Task description:
Restate word for word the lines below, from the one containing "16 Lanyard Boulevard, Geographe WA 6280" through the final line, with no pictures included.

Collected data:
|---|

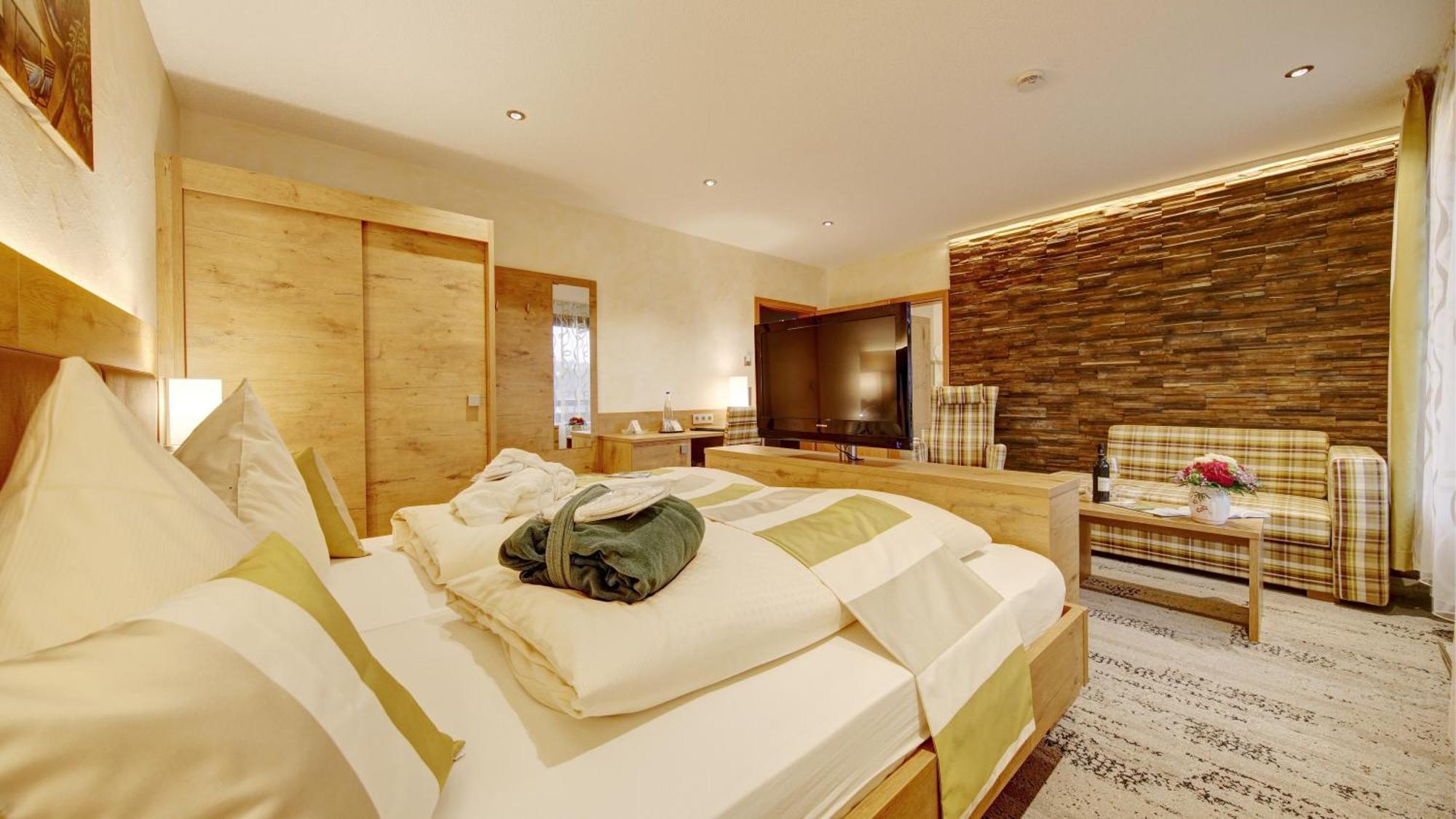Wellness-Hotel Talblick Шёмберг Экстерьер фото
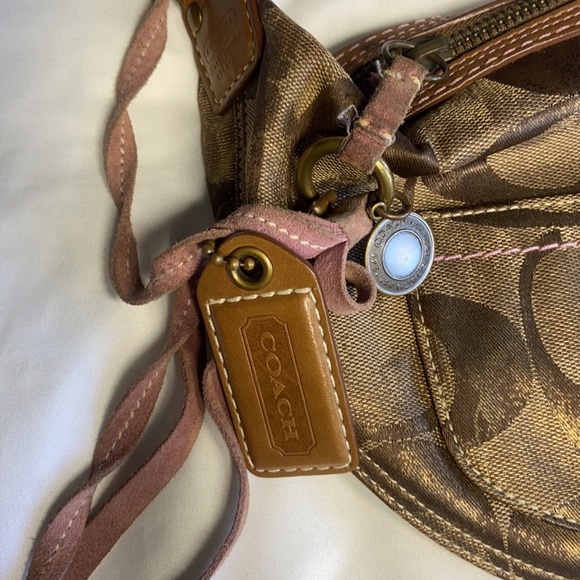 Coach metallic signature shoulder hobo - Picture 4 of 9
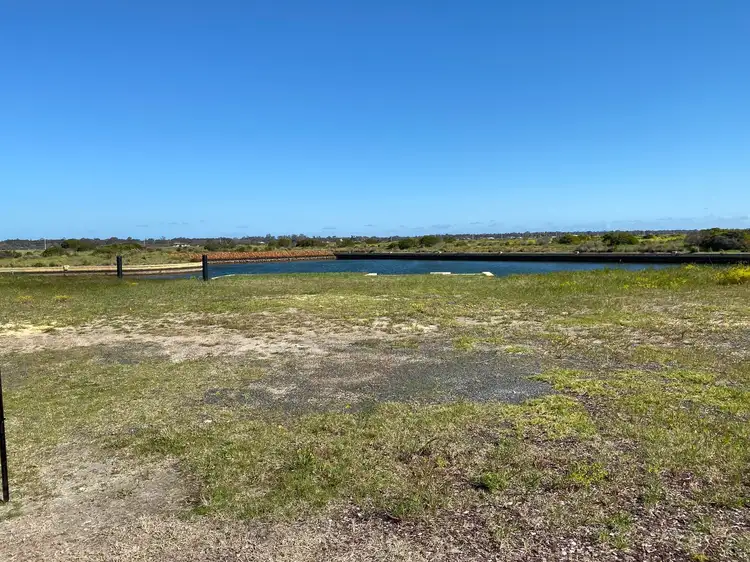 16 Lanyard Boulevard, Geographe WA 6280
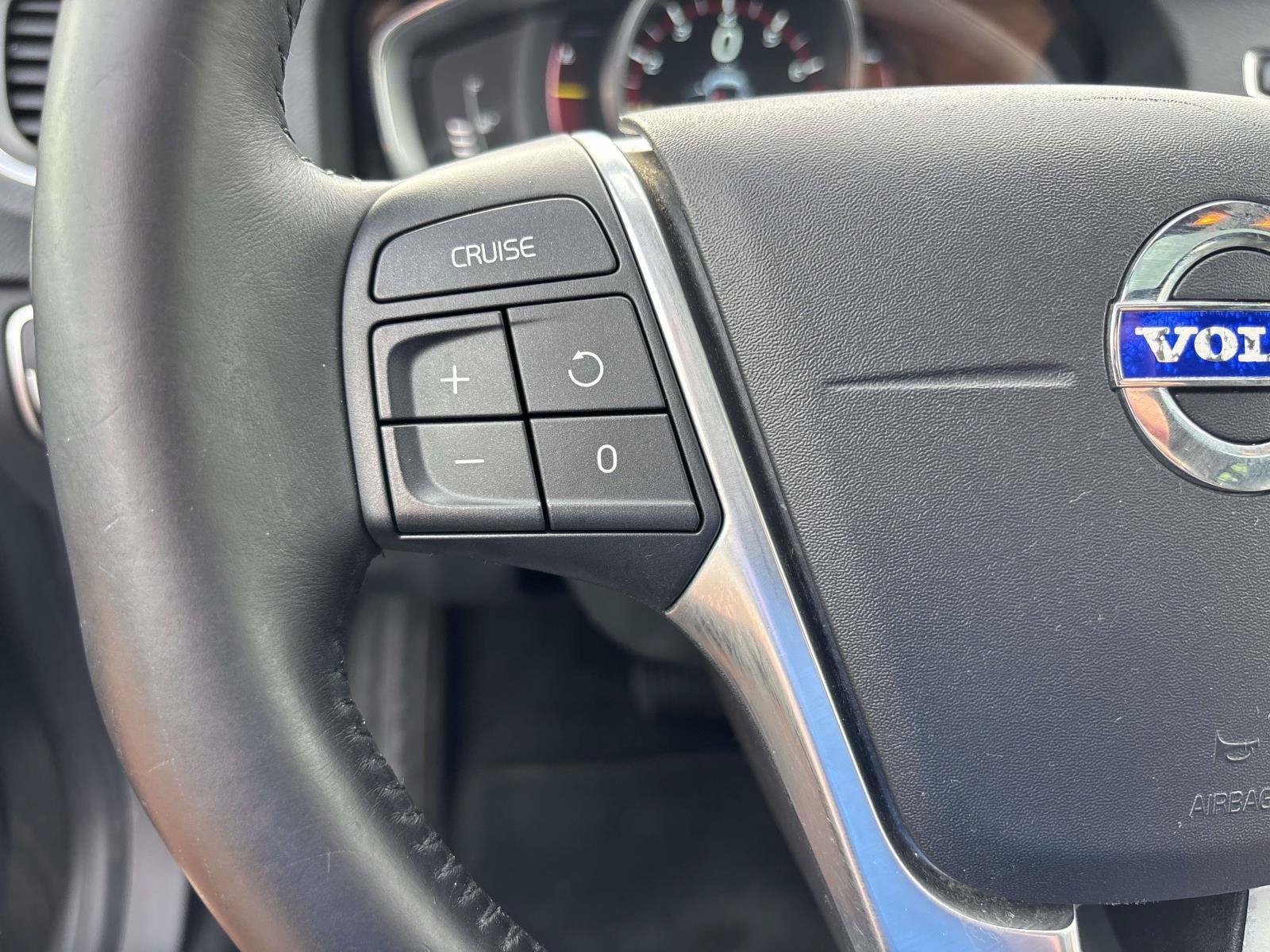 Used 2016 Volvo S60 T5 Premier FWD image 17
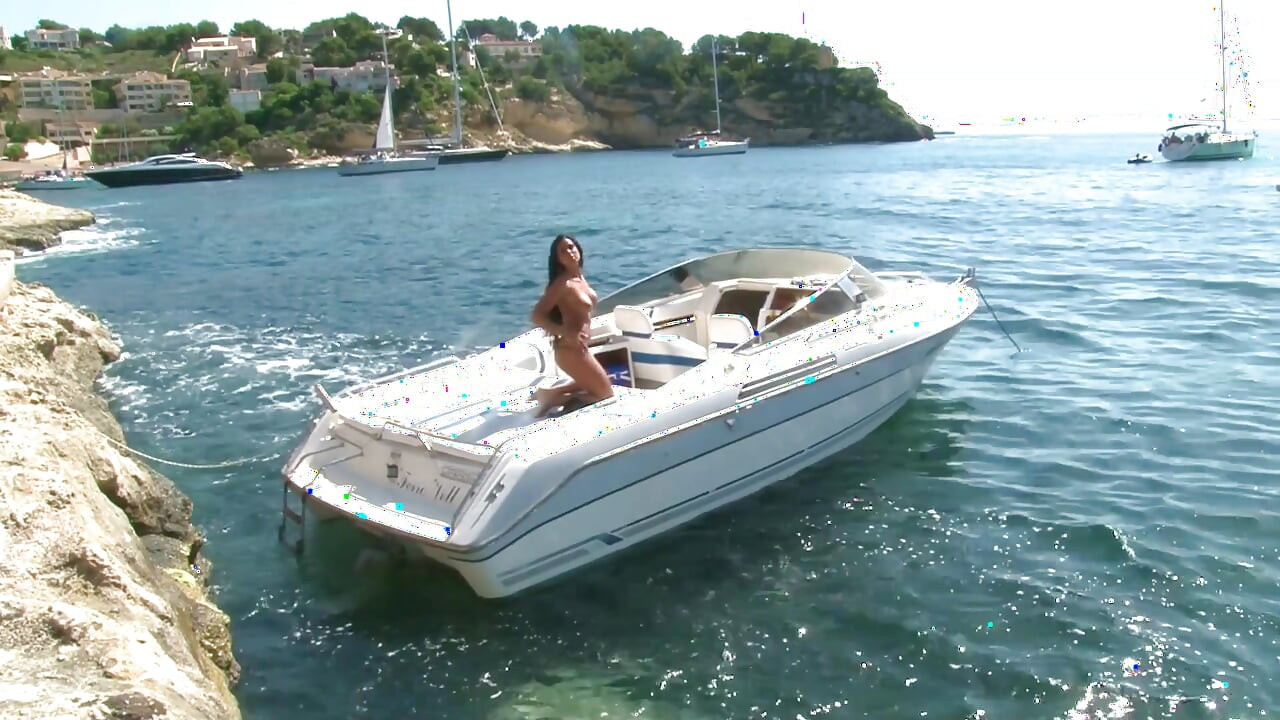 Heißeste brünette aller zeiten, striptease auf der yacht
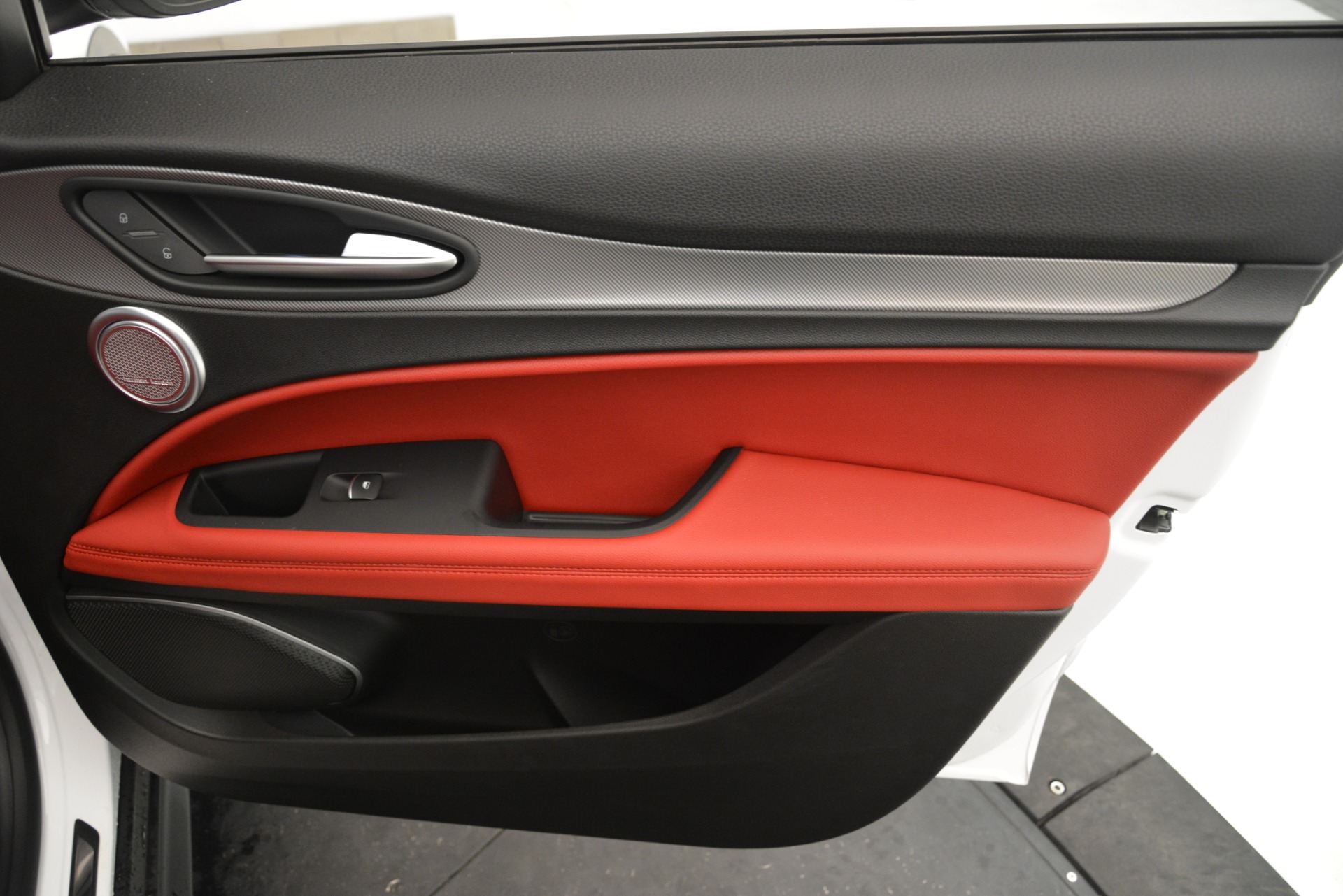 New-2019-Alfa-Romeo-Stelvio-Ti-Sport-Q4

|---|

Answer section:
 16 Lanyard Boulevard, Geographe WA 6280
 Used 2016 Volvo S60 T5 Premier FWD image 17
 Heißeste brünette aller zeiten, striptease auf der yacht
 New-2019-Alfa-Romeo-Stelvio-Ti-Sport-Q4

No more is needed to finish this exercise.